Craig Mitchelldyer-USA TODAY Sports

Dave,

You're clearly in the Keep Lamarcus Aldridge camp at least from what I can tell from your mailbag answers.  I'm there too but I'm worried.  Can you give me a scenario that you like if Lamarcus leaves?  I mean a specific one?  I don't care if its a free agent or a trade I just want some hope, realistic tho.  Please?

Hannah

As I've said in previous Mailbags, the number of variables involved in any given scenario makes answering this type of question hard. But since you said please, fine. Here's one scenario that could work.

When we last addressed trading LaMarcus Aldridge almost two years ago, we mentioned that his age puts him somewhat out of step with the rest of the team. On July 19th he'll become the first Trail Blazers starter to hit 30. Damian Lillard will have just turned 25. Wesley Matthews isn't that far behind Aldridge while Nicolas Batum and Robin Lopez stand at the midpoint between Lillard and LaMarcus. This gap isn't a problem, but the team does have the luxury of thinking younger if Aldridge leaves.

Age provides some justification for Aldridge to look elsewhere this summer as well. He has maybe 3 years left in his prime. Lillard is looking at 8 and everybody else 4-6. If Aldridge isn't confident the Blazers will contend in the next couple years he might want to find a team farther along the curve.

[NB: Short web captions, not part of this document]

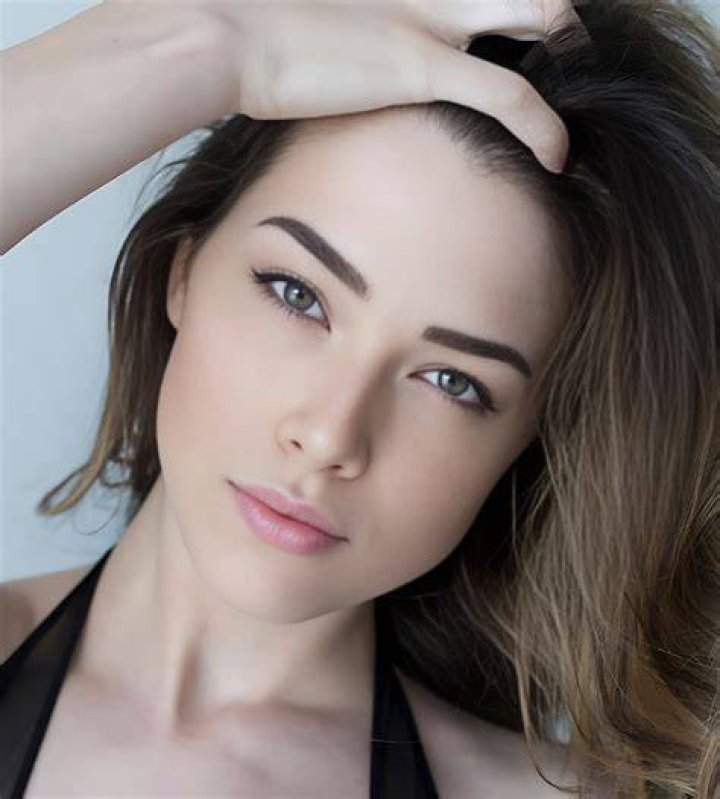 Lauren Summer biography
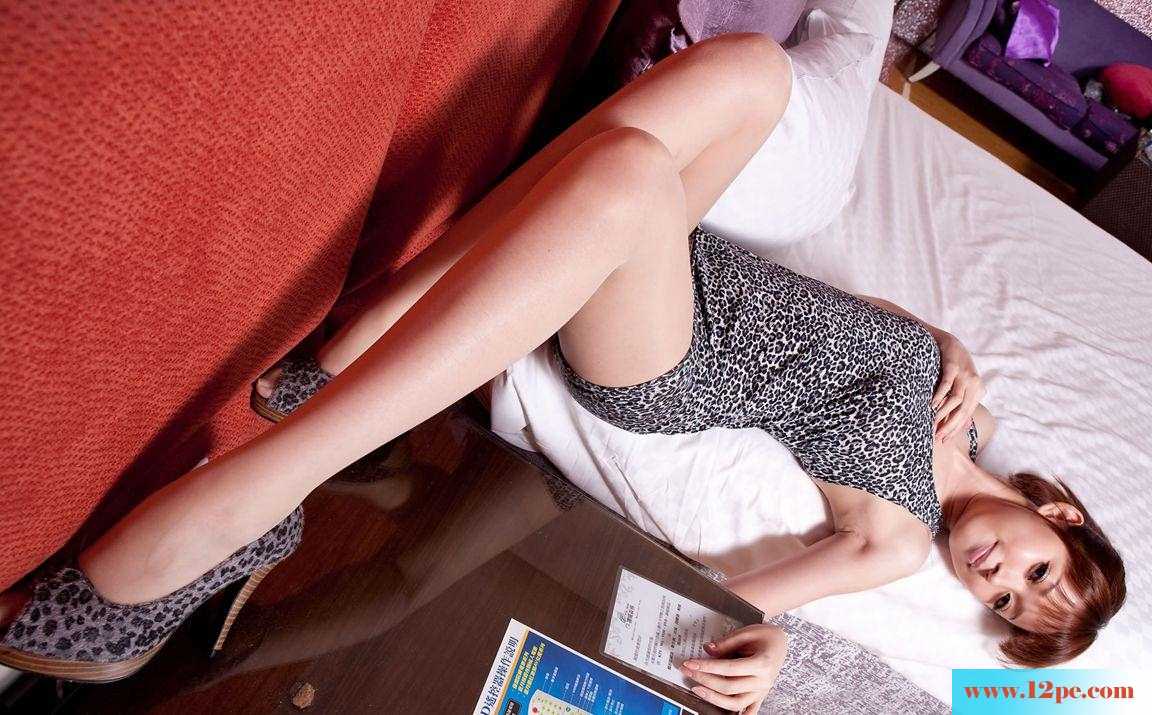 性感豹纹齐逼短裙雪白美腿真长(16P)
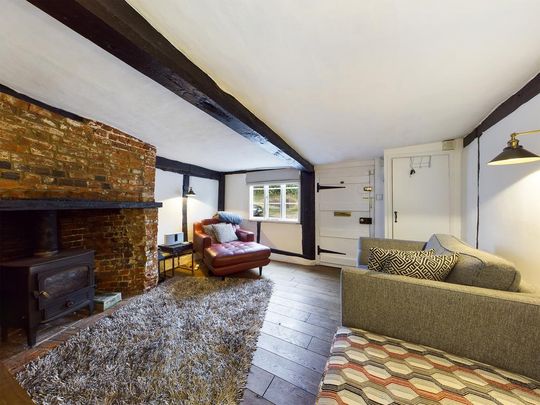 2 bedroom cottage to rent - Photo 1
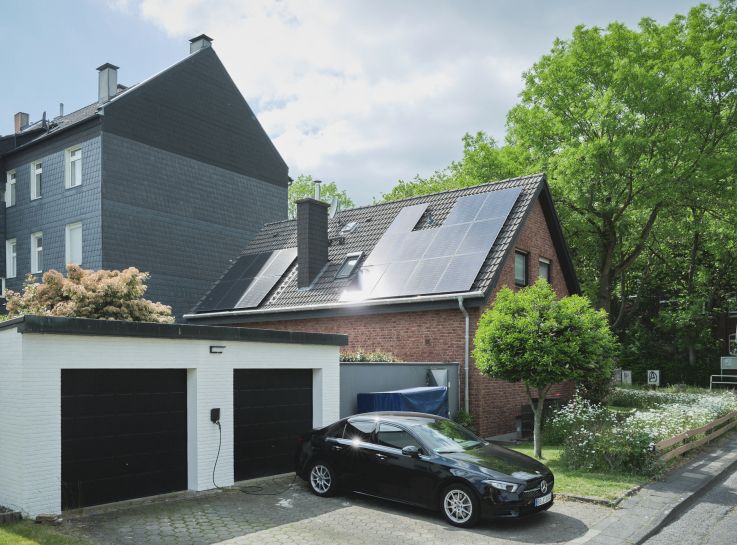 Aufnahme eines Wohnhauses in Dortmund mit montierter Solaranlage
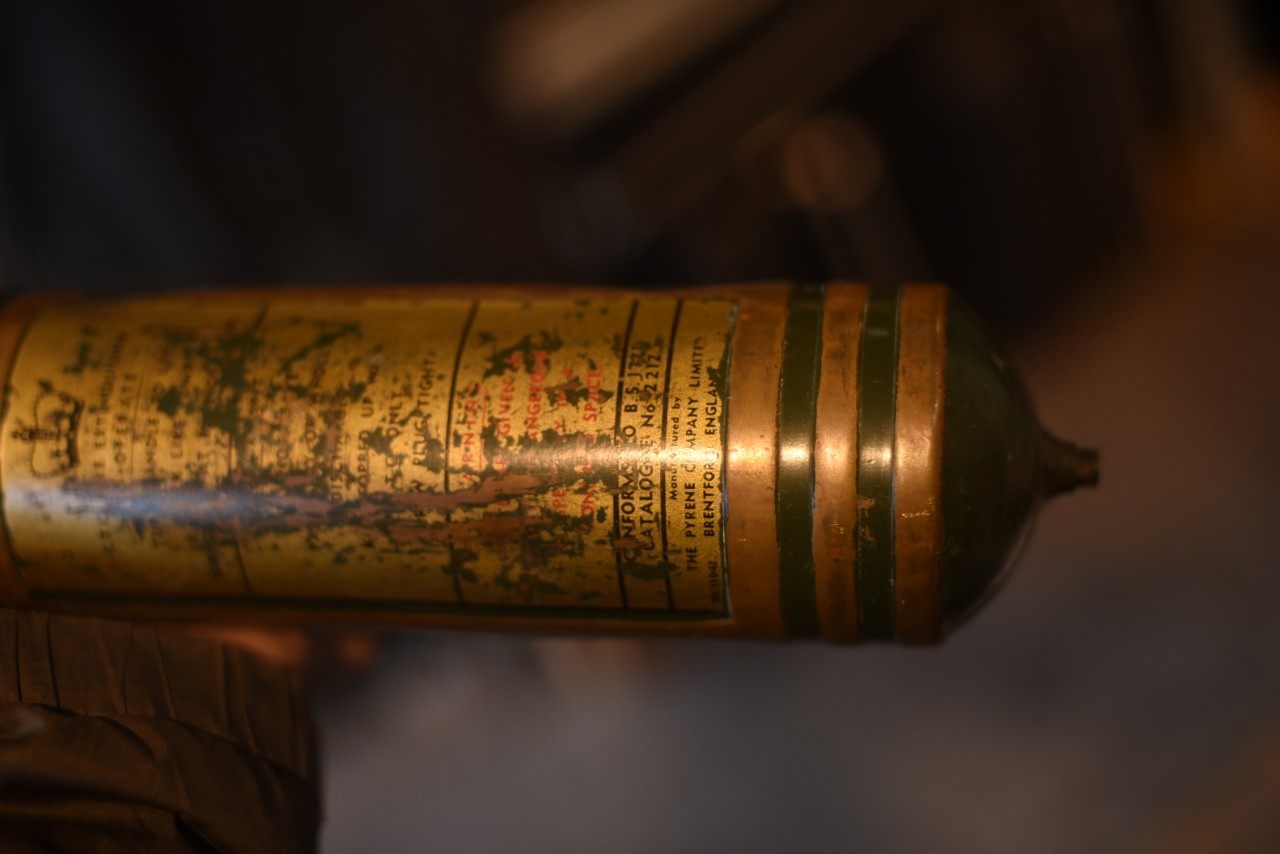 101112 UK　消火器　FIRE EXTINGUISHER 真鍮　ブラス　英国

If Aldridge is looking to make a significiant difference to a contending team and if the Blazers feel they have a couple years to develop younger, talented players, I'd suggest looking to the Chicago Bulls. Aldridge would need to agree to a sign-and-trade. The Blazers would ask for Nikola Mirotic as the young, talented part of the deal and Taj Gibson to make salaries match.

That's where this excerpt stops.